Let us remind the classifiers scores on training dataset from CIFAR10

    incv3    => 7577
    vgg16    => 8515
    vgg19    => 8654
    Incv3    => 9061
    resnet50 => 9130

## Majority voting

In [66]:
import myutils
import numpy as np

In [67]:
_, data_testing = myutils.load_CIFAR_dataset(shuffle=False)

y_testing = np.array( data_testing )[:,1]
n_testing = y_testing.shape[0]

In [70]:
from collections import Counter

def majority_vote(i):
    votes = np.zeros(10);
    for name in model_names:
        y = y_predictions[name][i]
        votes[y] += 1
    return votes.argmax()

y_predictions = dict()
for name in model_names:
    y_predictions[name] = clf[name].predict( data[name]['features_testing'] )
    
y_ensembled = [ majority_vote(i) for i in range(n_testing) ]

In [71]:
np.sum(y_ensembled == y_testing)

9189

Simple majority voting increases our best result to **91.89%**

## Weighted voting

In [110]:
# Assume, we know how good are our models.
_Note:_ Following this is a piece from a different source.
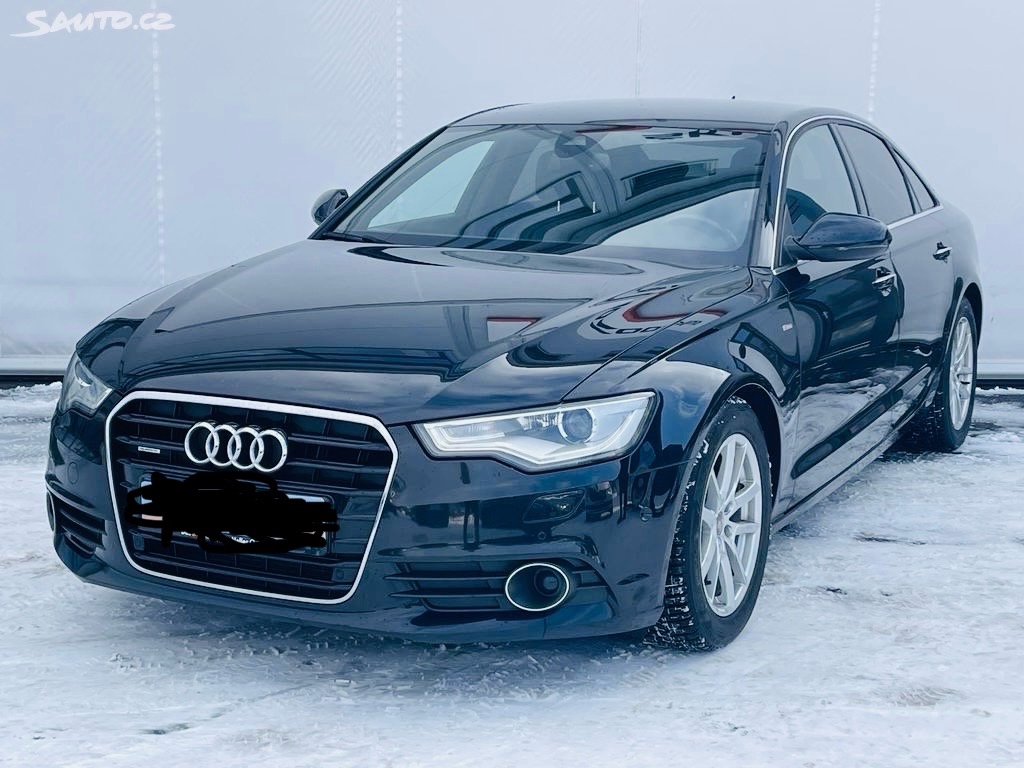 Prodám díly z Audi A6 C7 3.0 tdi 150 kw 2013 S-line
We can give some weight to their votes.
classifier_weights = {
    'incv3-keras'    : 2,
    'vgg16-keras'    : 2,
    'vgg19-keras'    : 3,
    'Inception_v3'   : 4,
    'resnet50-keras' : 5
}

def weighted_vote(i):
    votes = np.zeros(10);
    for name in model_names:
        y = y_predictions[name][i]
        votes[y] = votes[y] + classifier_weights[name]
    return votes.argmax()

y_ensembled = [ weighted_vote(i) for i in range(n_testing) ]

In [111]:
np.sum( y_ensembled == y_testing )

9293

## Dynamic voting
1. Take the image to classify
2. Find its K nearest neighbors
3. Classify the neighbor using all classifiers
4. Use weighted voting

    todo

## Adaboost

In [112]:
#  base_clf = clf['resnet50-keras']

In [116]:
from sklearn import svm

base_clf = svm.SVC(probability=True,kernel='linear')

In [119]:
n_training = 1000 # TODO: try with bigger testing data

X_train = data['resnet50-keras']['features_training'][:n_training]
y_train = data['resnet50-keras']['labels_training'][:n_training]
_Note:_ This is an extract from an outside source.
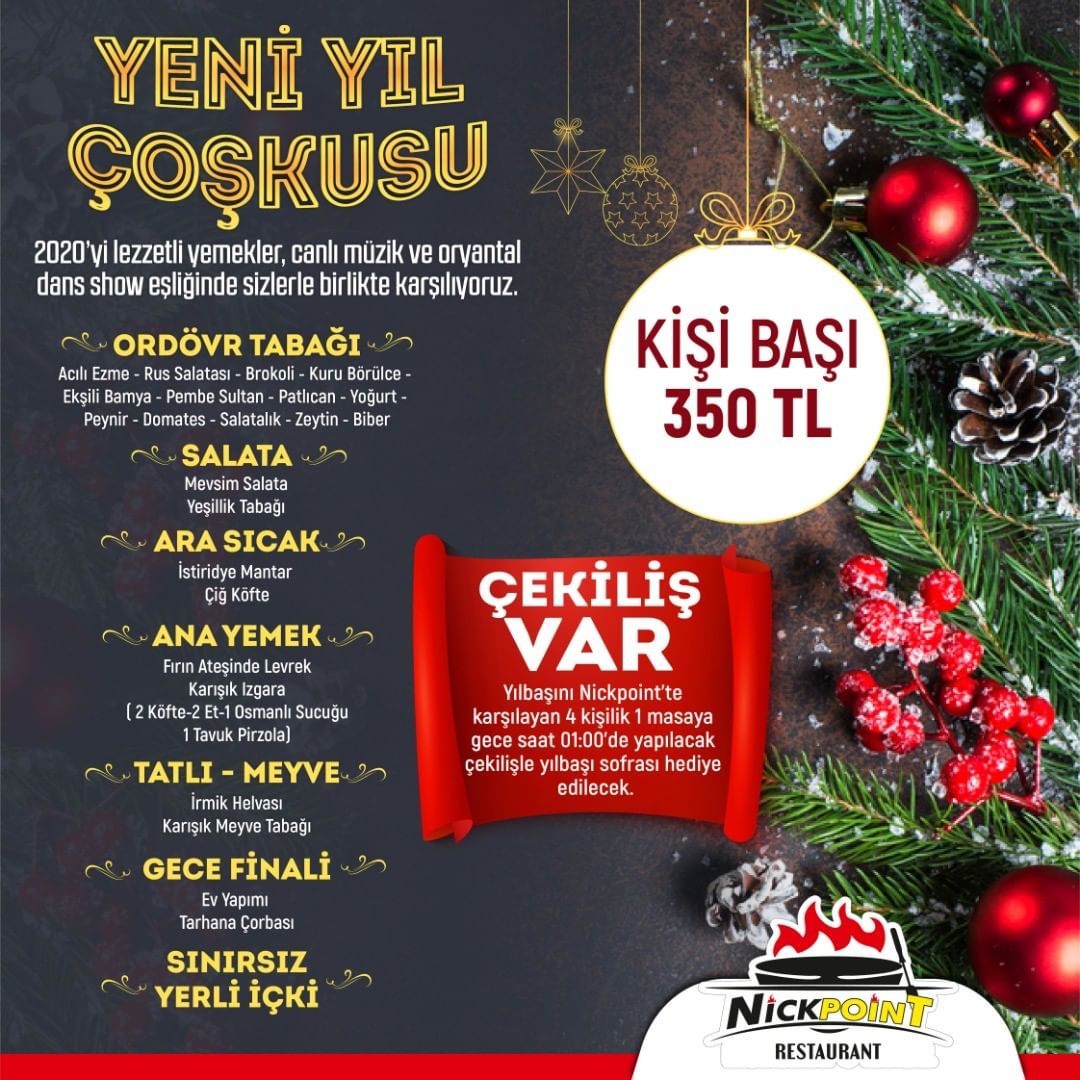 denizli yilbasi programlari 2022 menu fiyatlari ne kadara yenir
base_clf.fit( X_train, y_train )

SVC(C=1.0, cache_size=200, class_weight=None, coef0=0.0,
  decision_function_shape='ovr', degree=3, gamma='auto', kernel='linear',
  max_iter=-1, probability=True, random_state=None, shrinking=True,
  tol=0.001, verbose=False)

In [120]:
base_clf.score( data['resnet50-keras']['features_testing'], data['resnet50-keras']['labels_testing'] )

0.83030000000000004

In [122]:
from sklearn.ensemble import AdaBoostClassifier
boosted_model = AdaBoostClassifier(base_estimator = base_clf)

In [123]:
boosted_model.fit( X_train, y_train )

AdaBoostClassifier(algorithm='SAMME.R',
          base_estimator=SVC(C=1.0, cache_size=200, class_weight=None, coef0=0.0,
  decision_function_shape='ovr', degree=3, gamma='auto', kernel='linear',
  max_iter=-1, probability=True, random_state=None, shrinking=True,
  tol=0.001, verbose=False),
          learning_rate=1.0, n_estimators=50, random_state=None)

In [124]:
boosted_model.score( data['resnet50-keras']['features_testing'], data['resnet50-keras']['labels_testing'] )

0.78369999999999995